Message #583

From: David Smith <djs314djs314@yahoo.com>
Subject: Re: [MC4D] Re: Permutation formula updates
Date: Mon, 22 Sep 2008 17:50:40 -0700

Hi Thibaut,
 
Thanks for your comments and suggestions!  I put a lot of thought into what
you recommended to me about the formulas, but I have decided to keep them the
same.  While I value your opinion, and almost did decide to modify the formulas,
I think that it is more concise and elegant to represent the answers with only one
formula.  While simplicity can be elegant, to me the formula is already so
(although this is of course my biased opinion as its discoverer).  I actually
never seperated the formulas into even/odd cases, and while many may not,
I like the use of the "n mod 2" terms and how I applied them.  If anyone on the
group is interested in a basic explanation as to the derivation of these formulas,
I would be glad to email them one.  I’m looking forward to using more advanced
reasoning for proving these formulas exact, and for trying my hand at the n^5
and n^d cases.  I’ll let the group know when I get the super-supercube formula.
 
All the Best,
David

— On Mon, 9/22/08, thibaut.kirchner <thibaut.kirchner@yahoo.fr> wrote:

From: thibaut.kirchner <thibaut.kirchner@yahoo.fr>
Subject: [MC4D] Re: Permutation formula updates
To: 4D_Cubing@yahoogroups.com
Date: Monday, September 22, 2008, 10:53 AM


— In 4D_Cubing@yahoogrou ps.com, David Smith <djs314djs314@ …> wrote:
> I’ve updated my formula for the upper bound for the number of
> reachable positions of an n^4 Rubik’s cube (it contained
> some errors), and also finished a similar formula for the
> supercube. Until now, I’ve only been using combinatorial arguments
> and concepts of higher dimensions in my work.

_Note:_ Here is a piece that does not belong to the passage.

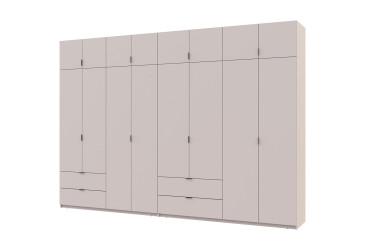 Skriňa Lukas 4+4 DT 340 kašmír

I’m amazed by the complexity of the formula. I suggest you to split it
into two formulas, one for the odd-sized hypercubes, and on for the
even-sized hypercubes. I’m sure the two formulas would be easier to
read than this one, and I’m not sure it’s interesting to group the two
formulas into a single one.
Also, if you put the factors associated with a single type of piece by
row, it could help the reader (and group somewhere the constraints
which link several type of piece).

Thibaut.